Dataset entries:
[Start of Attachment]

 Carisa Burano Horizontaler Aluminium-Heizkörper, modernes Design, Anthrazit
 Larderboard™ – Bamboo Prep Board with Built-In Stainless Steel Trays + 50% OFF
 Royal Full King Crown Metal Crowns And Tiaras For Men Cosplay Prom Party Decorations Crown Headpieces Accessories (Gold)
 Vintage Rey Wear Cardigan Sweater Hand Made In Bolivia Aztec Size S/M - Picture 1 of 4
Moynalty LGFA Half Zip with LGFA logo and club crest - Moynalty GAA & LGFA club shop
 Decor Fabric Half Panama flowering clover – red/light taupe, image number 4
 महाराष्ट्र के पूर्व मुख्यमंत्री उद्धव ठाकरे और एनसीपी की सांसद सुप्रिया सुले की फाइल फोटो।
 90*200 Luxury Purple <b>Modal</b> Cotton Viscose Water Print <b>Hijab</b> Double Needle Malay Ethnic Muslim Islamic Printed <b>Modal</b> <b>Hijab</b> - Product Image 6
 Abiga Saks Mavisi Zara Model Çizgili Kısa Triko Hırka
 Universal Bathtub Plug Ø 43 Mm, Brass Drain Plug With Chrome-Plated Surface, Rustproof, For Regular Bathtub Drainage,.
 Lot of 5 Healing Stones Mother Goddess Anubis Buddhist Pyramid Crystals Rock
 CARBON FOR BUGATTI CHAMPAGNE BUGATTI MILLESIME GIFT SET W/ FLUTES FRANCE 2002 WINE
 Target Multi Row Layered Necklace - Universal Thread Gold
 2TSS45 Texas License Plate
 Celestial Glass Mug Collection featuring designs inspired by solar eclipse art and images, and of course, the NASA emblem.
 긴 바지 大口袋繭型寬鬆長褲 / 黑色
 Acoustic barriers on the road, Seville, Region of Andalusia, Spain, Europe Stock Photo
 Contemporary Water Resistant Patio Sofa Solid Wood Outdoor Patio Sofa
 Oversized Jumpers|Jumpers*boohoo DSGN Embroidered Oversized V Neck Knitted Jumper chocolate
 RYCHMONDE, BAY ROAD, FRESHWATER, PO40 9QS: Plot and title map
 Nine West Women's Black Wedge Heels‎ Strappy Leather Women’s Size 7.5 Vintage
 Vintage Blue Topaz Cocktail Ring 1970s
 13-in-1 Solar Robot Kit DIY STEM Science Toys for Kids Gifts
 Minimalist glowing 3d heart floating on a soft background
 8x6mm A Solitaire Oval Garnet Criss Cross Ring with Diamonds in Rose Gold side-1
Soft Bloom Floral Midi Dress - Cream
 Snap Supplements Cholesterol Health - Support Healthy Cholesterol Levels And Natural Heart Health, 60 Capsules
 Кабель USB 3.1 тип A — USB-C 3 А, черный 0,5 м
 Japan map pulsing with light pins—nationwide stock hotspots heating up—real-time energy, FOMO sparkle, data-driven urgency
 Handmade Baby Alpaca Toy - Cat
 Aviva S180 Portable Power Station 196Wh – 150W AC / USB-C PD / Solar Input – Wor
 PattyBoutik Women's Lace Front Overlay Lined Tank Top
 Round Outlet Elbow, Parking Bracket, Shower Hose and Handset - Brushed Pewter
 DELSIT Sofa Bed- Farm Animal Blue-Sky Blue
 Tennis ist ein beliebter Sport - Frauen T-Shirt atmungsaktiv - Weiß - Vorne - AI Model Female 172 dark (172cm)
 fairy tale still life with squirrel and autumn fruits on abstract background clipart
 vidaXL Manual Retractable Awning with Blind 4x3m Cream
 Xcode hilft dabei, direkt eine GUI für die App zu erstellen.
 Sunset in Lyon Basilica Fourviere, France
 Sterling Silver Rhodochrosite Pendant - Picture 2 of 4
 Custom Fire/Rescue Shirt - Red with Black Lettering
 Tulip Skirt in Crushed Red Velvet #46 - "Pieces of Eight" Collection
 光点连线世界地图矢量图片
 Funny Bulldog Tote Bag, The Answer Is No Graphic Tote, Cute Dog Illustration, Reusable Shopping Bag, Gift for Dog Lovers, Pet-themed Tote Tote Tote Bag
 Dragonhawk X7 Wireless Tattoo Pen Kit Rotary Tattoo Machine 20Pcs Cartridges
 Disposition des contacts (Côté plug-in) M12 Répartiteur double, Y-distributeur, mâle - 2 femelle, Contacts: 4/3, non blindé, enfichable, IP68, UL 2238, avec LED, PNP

[End of Attachment]

Exercise objective
Please give back the records exactly as written, beginning at the first line and including the line that holds "Larderboard™ – Bamboo" as the last.

Response area
 Carisa Burano Horizontaler Aluminium-Heizkörper, modernes Design, Anthrazit
 Larderboard™ – Bamboo Prep Board with Built-In Stainless Steel Trays + 50% OFF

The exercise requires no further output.